WHAT YOU SHOULD DO. In the records below, find the line with "Al Nassr Home" and repeat exactly every line from it through the line with "DIOR/迪奥 女士蓝色时尚百搭墨镜眼镜太阳镜 ULTIME1LKSA9BLUE". Pictures stay out.

------ EXTRACTED RECORDS ------

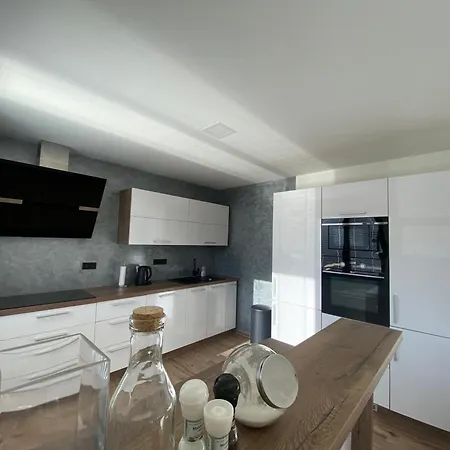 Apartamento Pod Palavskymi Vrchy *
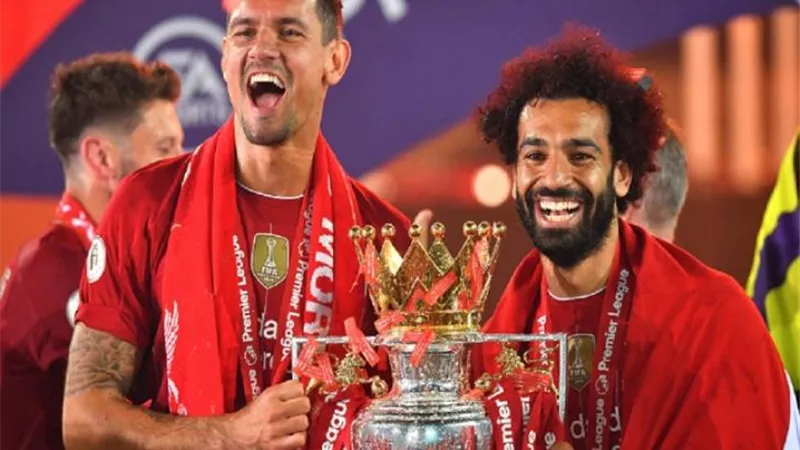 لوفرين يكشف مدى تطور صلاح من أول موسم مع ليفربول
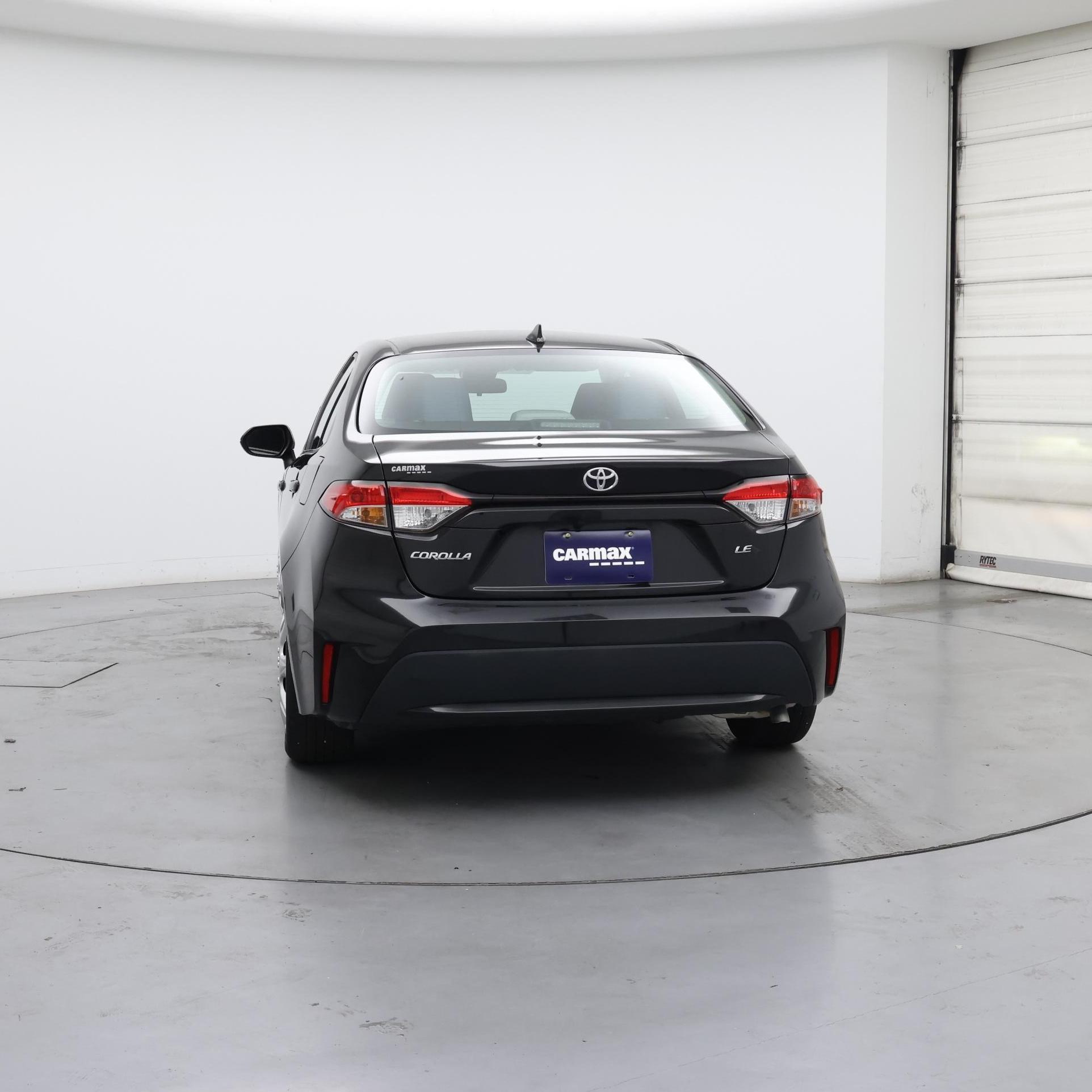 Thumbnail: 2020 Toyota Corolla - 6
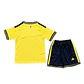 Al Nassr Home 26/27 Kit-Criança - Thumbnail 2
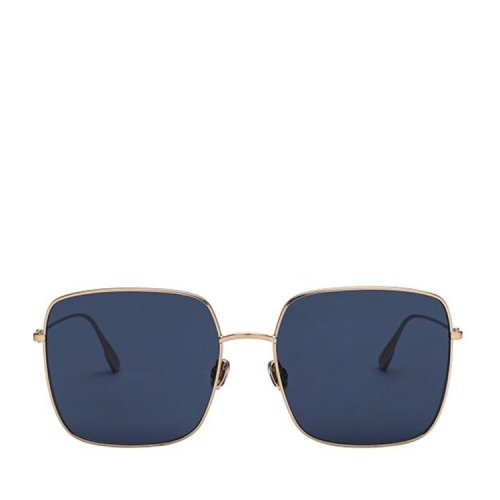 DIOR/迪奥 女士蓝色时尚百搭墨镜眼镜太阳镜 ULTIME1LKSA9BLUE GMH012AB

------
------ EXTRACTED RECORDS ------

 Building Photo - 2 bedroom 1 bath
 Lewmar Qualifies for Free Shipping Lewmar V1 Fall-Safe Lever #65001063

------
------ EXTRACTED RECORDS ------

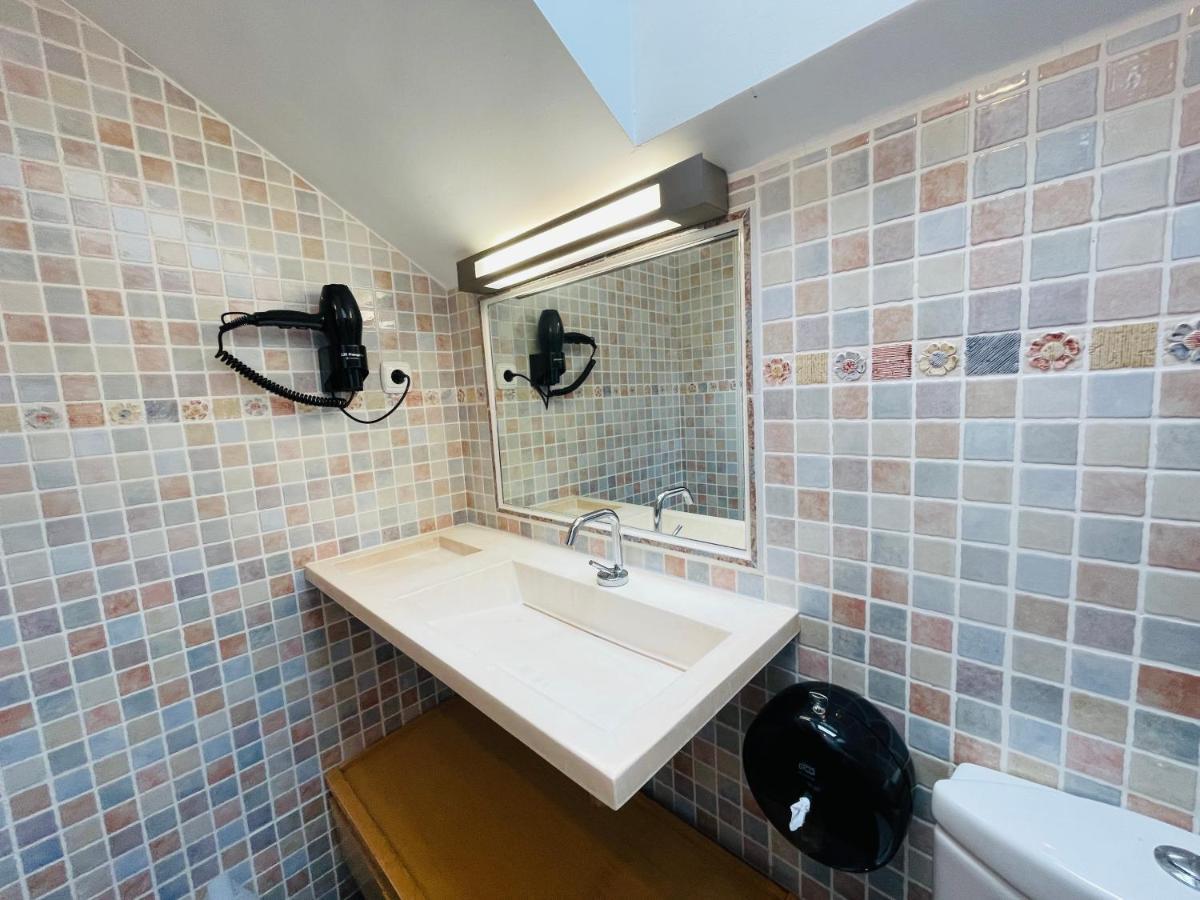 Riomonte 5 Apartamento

------

RESPONSE.
 Al Nassr Home 26/27 Kit-Criança - Thumbnail 2
 DIOR/迪奥 女士蓝色时尚百搭墨镜眼镜太阳镜 ULTIME1LKSA9BLUE GMH012AB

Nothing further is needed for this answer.